Pria senang chatting dan ke minimarket
Untuk segmen pria, Hendra Noor Saleh, Group Publisher dari Special Interest Media, mengangkat lima jenis segmen pria berdasarkan psikografi mereka. Pertama, para pria yang “Go with the Flow”, kedua “Up to Date”, ketiga: “Cold Shoulder”, keempat “Traditionalist” dan kelima “Mature”. Akan tetapi, sifat mendasar mereka adalah senang yang praktis, ingin memuaskan diri dan menunjukkan kekuatan, dan ketiga penuh semangat, cepat bergerak. Suka menyesuaikan diri.

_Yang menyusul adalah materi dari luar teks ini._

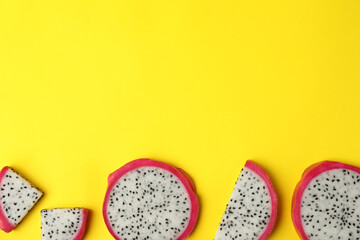 Delicious sliced dragon fruit (pitahaya) on yellow background, flat lay. Space for text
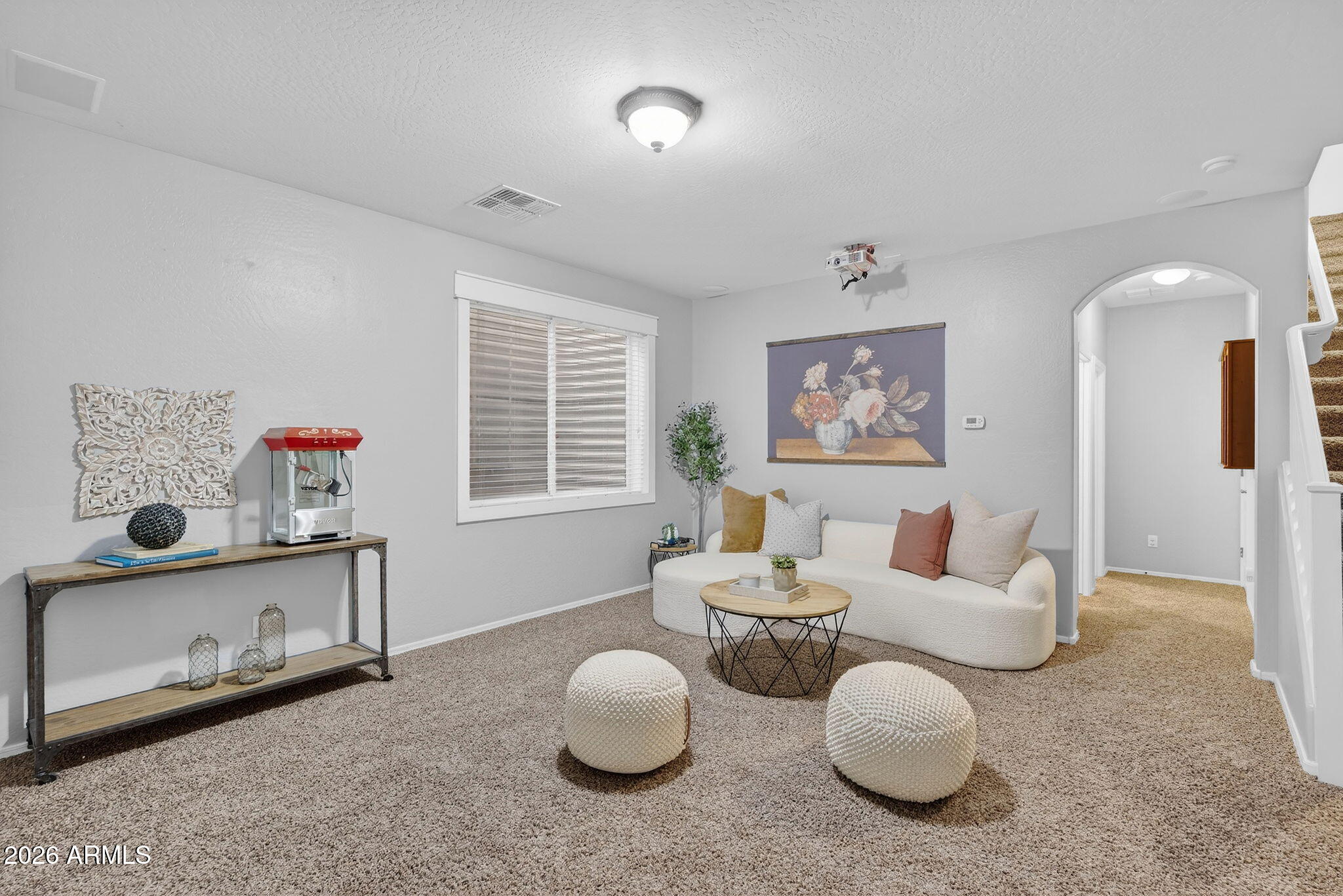 4052 East Milky Way Gilbert, AZ 85295 - Photo 22 of 73 a living room with furniture and a window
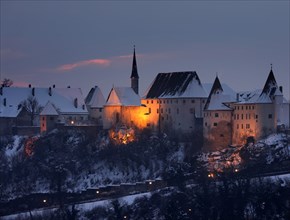 Illuminated castle complex with chapel in winter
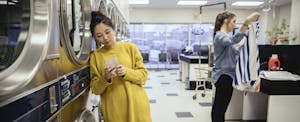 filed-claim-equifax-settlement-provide-info Woman standing in a laundromat, looking at her phone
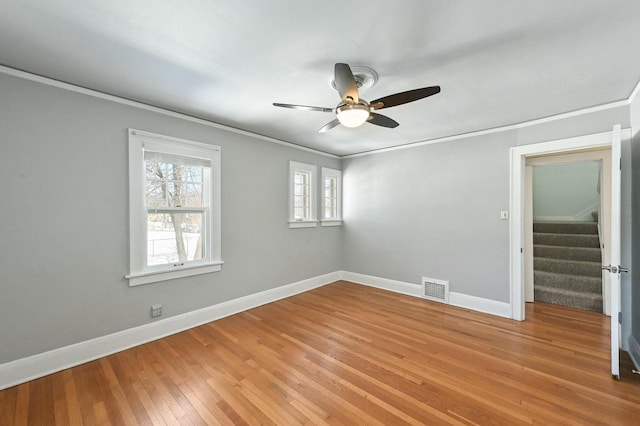 unfurnished room featuring ceiling fan, ornamental molding, and light hardwood / wood-style floors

Boleh dikatakan, sifat pria zaman sekarang dapat disejajarkan dengan minimarket, karena 87% dari mereka senang berbelanja ke minimarket. Dalam sekali kunjungan, rata-rata mereka menghabiskan Rp100.000. Hobi mereka networking, gadget, dan chatting. Yang terakhir ini tentu berlawanan dengan anggapan kita selama ini bahwa yang senang chatting itu hanya perempuan.
Menikah itu pilihan, bukan keharusan
Candrasari Widanarko, Group Publisher dari Women's Media, memaparkan perubahan gaya hidup yang signifikan dan pola perilaku wanita di berbagai tahapan usia. Ketika remaja, mereka hanya peduli pada dirinya. Begitu memasuki usia kerja, fokus mereka meluas menjadi “aku dan kamu”. Yang menarik, usia menikah yang umum adalah 25 - 34, jadi sudah melebar ke atas. Working Women tahap kedua, yaitu usia 25 - 29, bagi mereka menikah adalah pilihan, bukan keharusan.
Tahap terakhir adalah perempuan sebagai ibu. Bagi mereka tersedia dua pilihan: tetap bekerja, atau menjadi ibu sepenuhnya. Keduanya bangga menjadi ibu. Mereka berusaha melakukan hal-hal agar dianggap ibu yang hebat, sehingga mereka selalu mengusahakan agar keluarganya nyaman. Enam puluh persen (60%) dari mereka memasak setiap hari. Keluarga menjadi aktualisasi diri bagi mereka. Pengeluaran untuk asuransi di usia ini meningkat.
Memasuki usia matang, perempuan kembali fokus kepada dirinya lagi. Kalau dulu ini dicapai pada usia 50-an tahun, kini 40-an tahun. Di masa ini, mereka mempunyai banyak waktu dan daya beli yang amat besar. Boleh dikatakan, perempuan di usia matang kembali ke sifat remajanya, yaitu mengutamakan "Me".